City of cars: The traffic.
It seems like a stupid thing to complain about, but there are also few things more miserable than inching along for an hour-and-a-half—and ultimately covering less than two miles.
That was my Saturday afternoon attempting to get to Radio 94.7’s City of Trees music festival at Gibson Ranch—foreshadowing for the overall logistical chaos.
More than 9,000 people arrived to see Cake, Of Monsters and Men and several other radio-successful pop and alt-rock acts. With no one directing traffic into Gibson Ranch—its single road of entry was obviously going to create huge problems for the neighborhood at large—it almost seemed like Radio 94.7 didn’t expect anyone to show up. Same with the water situation. Security forced attendees to dump water at the entrance—pretty standard at most festivals—but then there was only one station to fill up those empty water bottles. At one point, I counted more than 200 people waiting in the triple-digit heat for water, only to rapidly dissipate when they learned City of Trees ran out of water. Lines for food took about an hour at their peak—I heard many complain about missing entire sets while hunger pangs set in.

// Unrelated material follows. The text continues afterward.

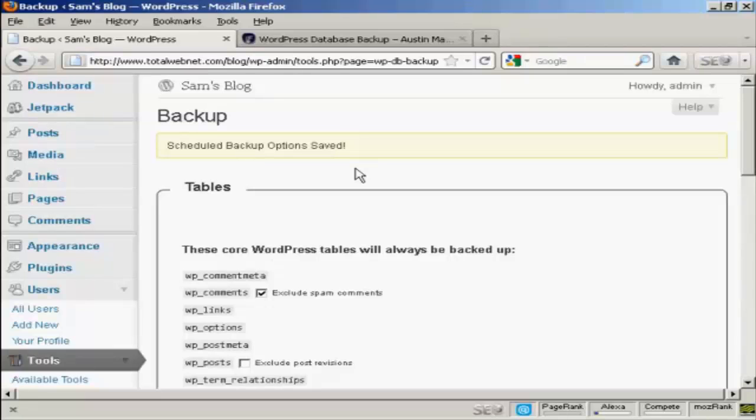One thing I would do, if you decide to change your theme or you decide to add some more plugins to your blog, you should go ahead and do a Home Directory backup from cPanel just to be on the safe side. But this is how you can create backups for your WordPress blog.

More water eventually arrived, but still. It all set a certain tone.
That aside, the venue was quite lovely—ample space to lounge on the grass and lots of shade. Although the smaller stage was a little quiet, there weren’t any major sound issues all day. The crowd was remarkably diverse—families of all ages mixed with the typical young festival crowd. Though, the latter quickly dispersed after Of Monsters and Men—eager for the current radio hit-makers instead of the local legends.
Those hit-makers included New Politics, that Danish alt-rock group with that one song; BØRNS, that indie pop guy that kind of looks like Kurt Vile and has that one song; and James Bay, that English singer-songwriter with that one hat and that one crazy-popular song.
In seriousness, Bay really impressed with an assured stage presence and his slightly gritty, bluesy pop. And performing as an eight-piece, Iceland’s Of Monsters and Men delivered a feel-good, hit-filled set just as the sun began to set and temperatures became far more reasonable.
But the City of Trees showed up for Cake, and John McCrea knows how to work his hometown audience: the hits—the string of “Never There,” “Short Skirt/Long Jacket” and “The Distance” made for an excellent finale—grandly orchestrated sing-alongs and nearly endless banter. But Cake presented a couple of tracks off its 2011 self-released album Showroom of Compassion—“They told us we couldn’t do it, and thanks to the 50 of you who still buy albums, we did OK,” McCrea said—and folks still knew the words. Oh yeah, and McCrea gave away a tree. But you already knew he’d do that.
And as you probably also know by now, getting out of City of Trees was a nightmare. Truly, with zero lights or signs and the air thick with dust, I was honestly frightened while trying to find my car. Throw in the gaping potholes, and my final feeling at City of Trees was sheer panic.
McMetal: Thanks to social media and lots of curious (and bored) metalheads, Mac Sabbath drew near 200 or so heads at Harlow’s Restaurant & Nightclub on a Sunday night.
And while heavy metal shows are usually followed by a late-night stop through a random McDonald’s drive-thru, this was likely the first band anyone had seen that combined the two worlds.
The band was fronted by the insane and twisted persona of one Ronald Osbourne and rounded out by a remarkably able costumed band that included Slayer McCheese (guitar), Grimalice (bass), and the Cat Burglar (drums). This show was only rivaled by ones put on by the likes of costumed bands such as Green Jelly and Gwar.
With a stage adorned in red, yellow and white, the group tore through a set of Black Sabbath parodies, including “More Ribs,” “Sweet Beef” and fan favorite “Frying Pan.” It was nauseating, fulfilling and weird all at the same time.